(Beginning of Records for this exercise)

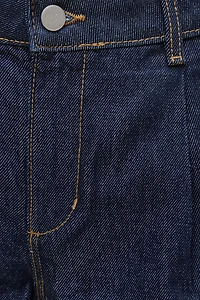 Eliana Pleated High Rise Denim Shorts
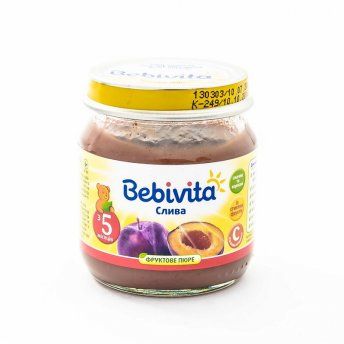 Пюре фруктове дитяче BEBIVITA Бебівіта Слива 100 г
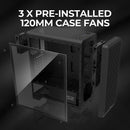 4 of 15: Zalman Zalman S2 TG ATX Mid-Tower PC Case 3 x Fans w/ Tempered Glass Side Panel
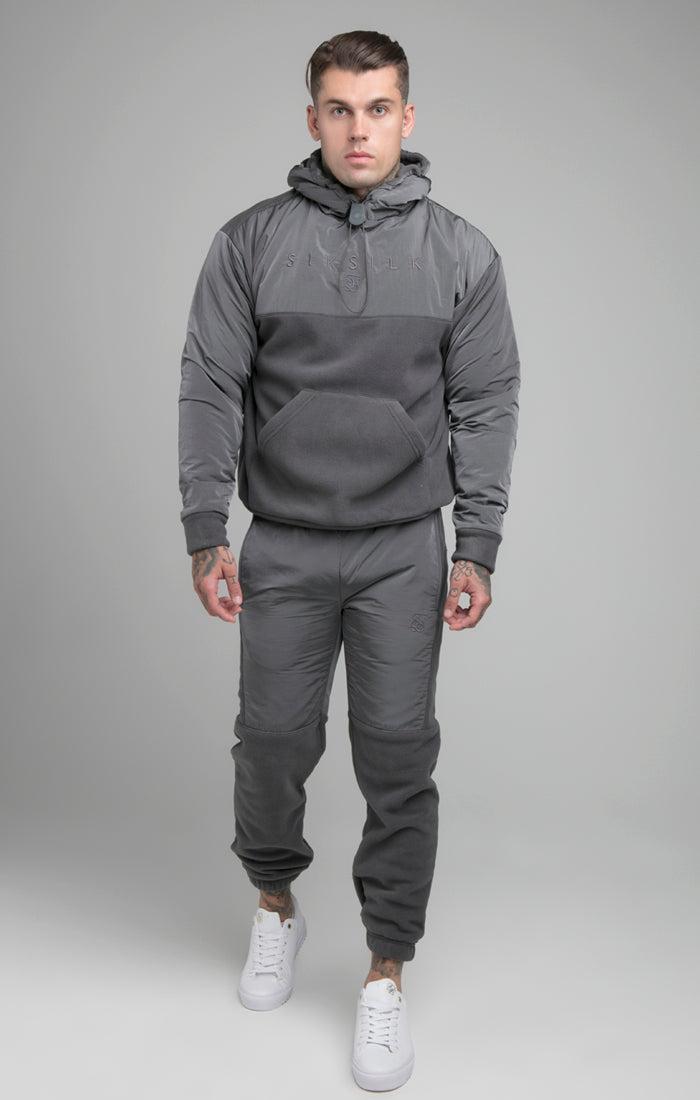 Load image into Gallery viewer, Grey Hybrid Pro Overhead Hoodie (2)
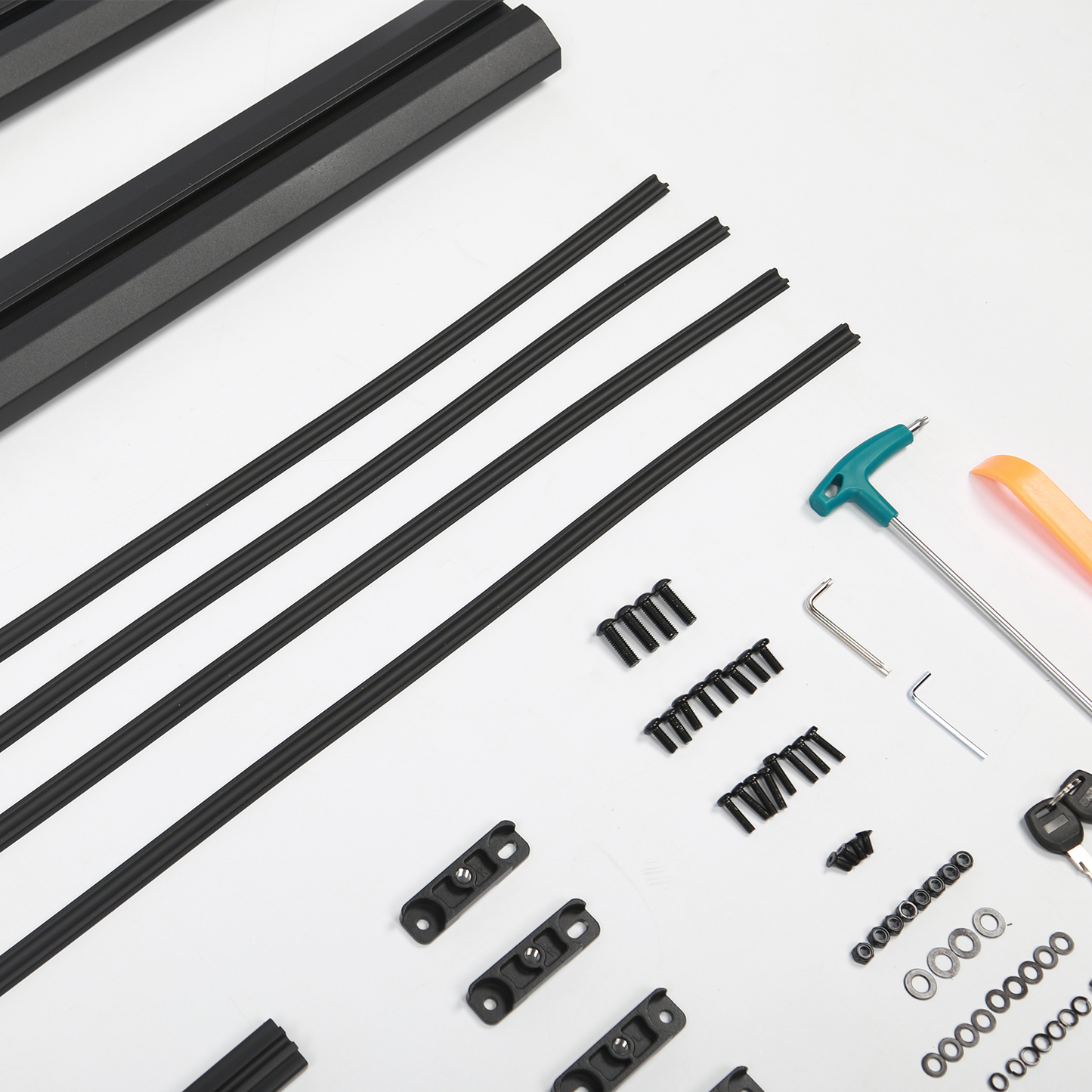 Crossbars Roof Rack Cargo Rack Rails Tesstudio-OEM Telescoping(2pcs) For Tesla Cybertruck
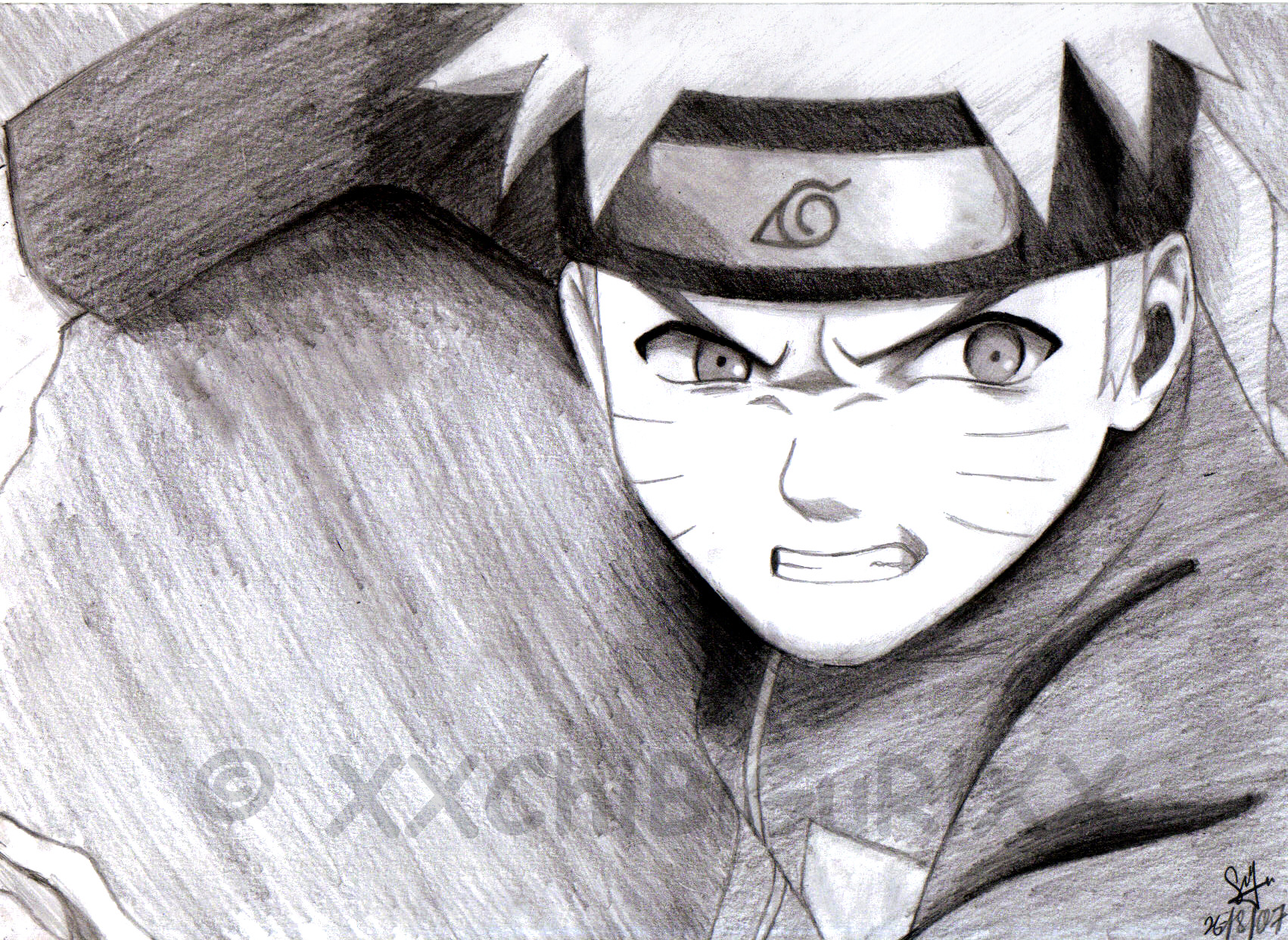 Sketch of Uzumaki Naruto. : r/Naruto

(End of Records for this exercise)

Work task :: Leave out the pictures and copy everything else in the records word for word.

Your response ::
 Eliana Pleated High Rise Denim Shorts
 Пюре фруктове дитяче BEBIVITA Бебівіта Слива 100 г
 4 of 15: Zalman Zalman S2 TG ATX Mid-Tower PC Case 3 x Fans w/ Tempered Glass Side Panel
 Load image into Gallery viewer, Grey Hybrid Pro Overhead Hoodie (2)
 Crossbars Roof Rack Cargo Rack Rails Tesstudio-OEM Telescoping(2pcs) For Tesla Cybertruck
 Sketch of Uzumaki Naruto. : r/Naruto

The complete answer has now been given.